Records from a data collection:
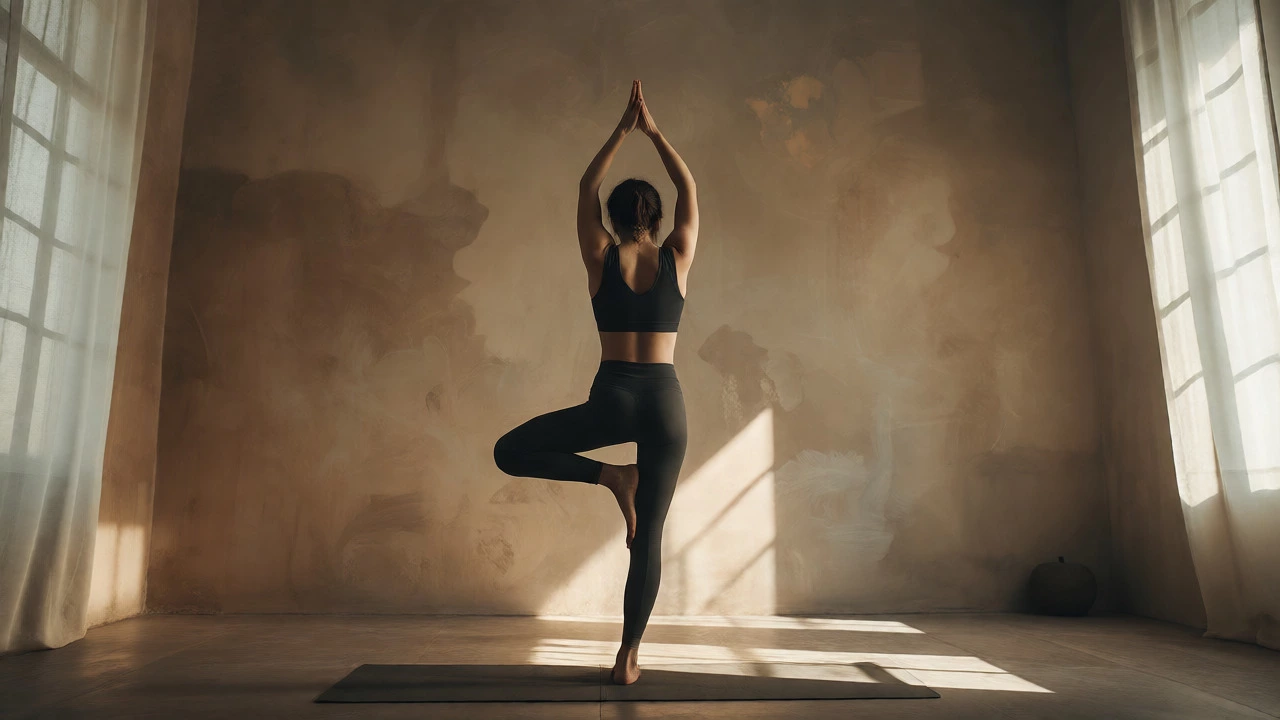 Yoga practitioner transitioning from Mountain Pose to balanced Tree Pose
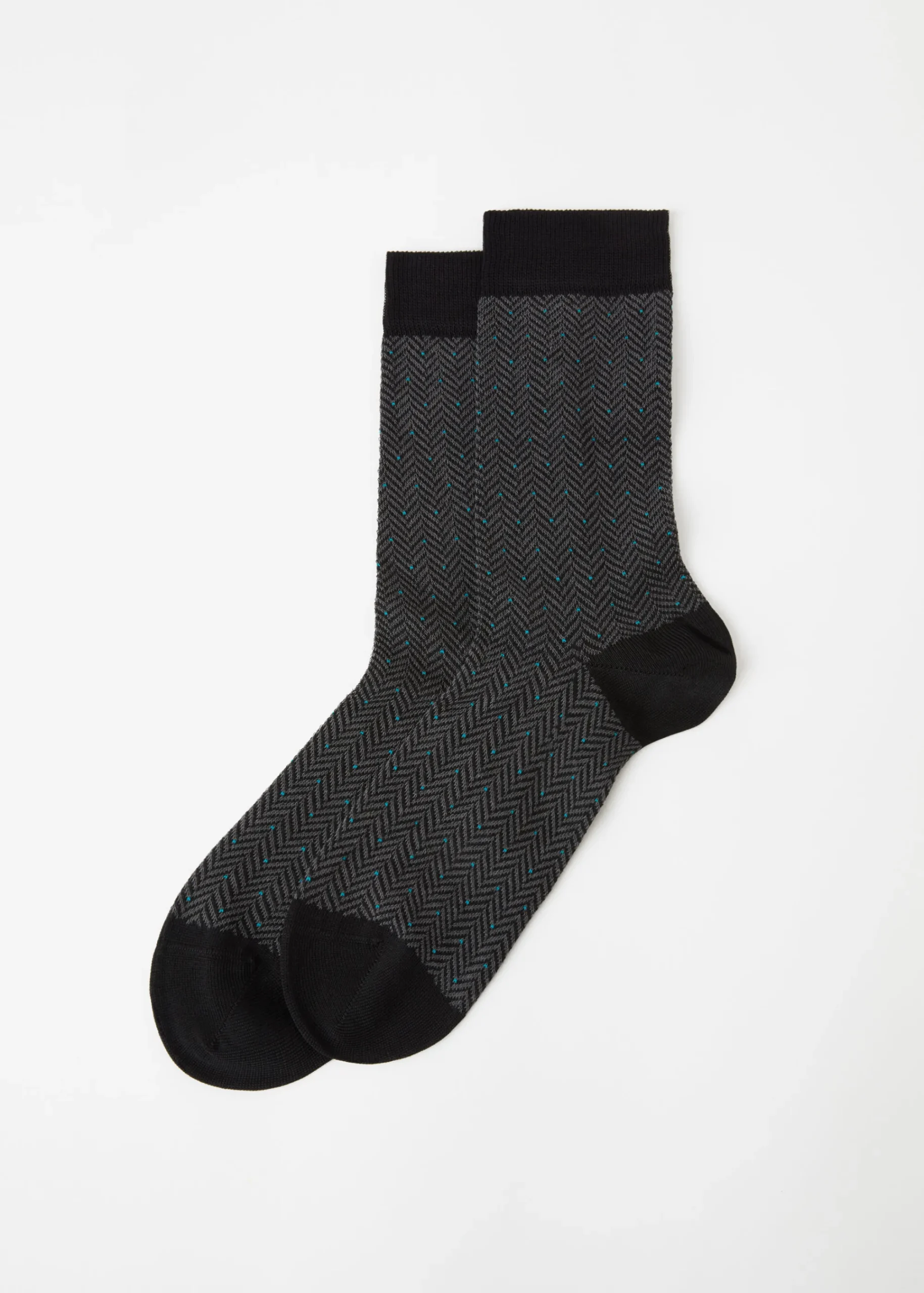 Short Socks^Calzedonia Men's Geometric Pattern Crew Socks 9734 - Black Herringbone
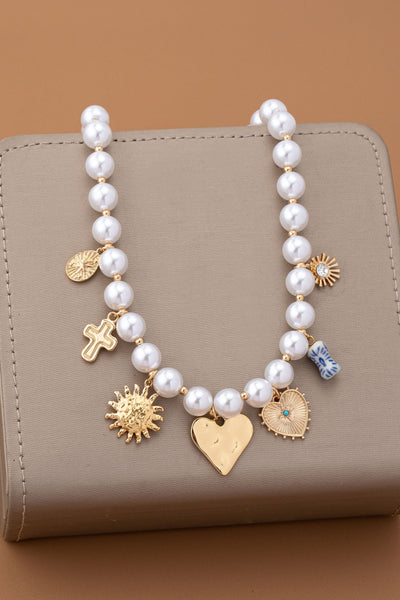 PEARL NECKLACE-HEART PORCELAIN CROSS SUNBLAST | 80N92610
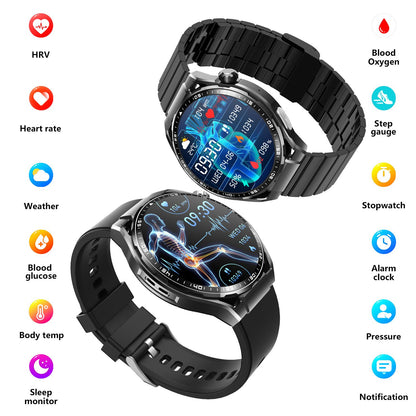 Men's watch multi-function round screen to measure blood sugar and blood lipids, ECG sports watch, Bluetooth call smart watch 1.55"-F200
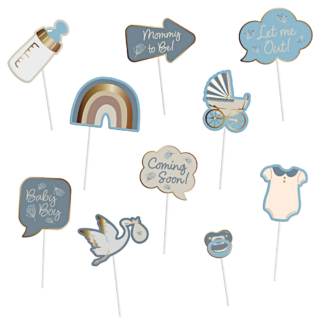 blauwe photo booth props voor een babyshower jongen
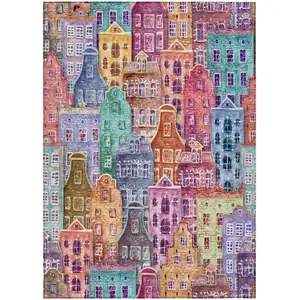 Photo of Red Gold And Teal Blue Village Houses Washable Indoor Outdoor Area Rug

### Exercise details
Write out the data word for word. Any picture is to be skipped.

### Completed exercise
 Yoga practitioner transitioning from Mountain Pose to balanced Tree Pose
 Short Socks^Calzedonia Men's Geometric Pattern Crew Socks 9734 - Black Herringbone
 PEARL NECKLACE-HEART PORCELAIN CROSS SUNBLAST | 80N92610
 Men's watch multi-function round screen to measure blood sugar and blood lipids, ECG sports watch, Bluetooth call smart watch 1.55"-F200
 blauwe photo booth props voor een babyshower jongen
 Photo of Red Gold And Teal Blue Village Houses Washable Indoor Outdoor Area Rug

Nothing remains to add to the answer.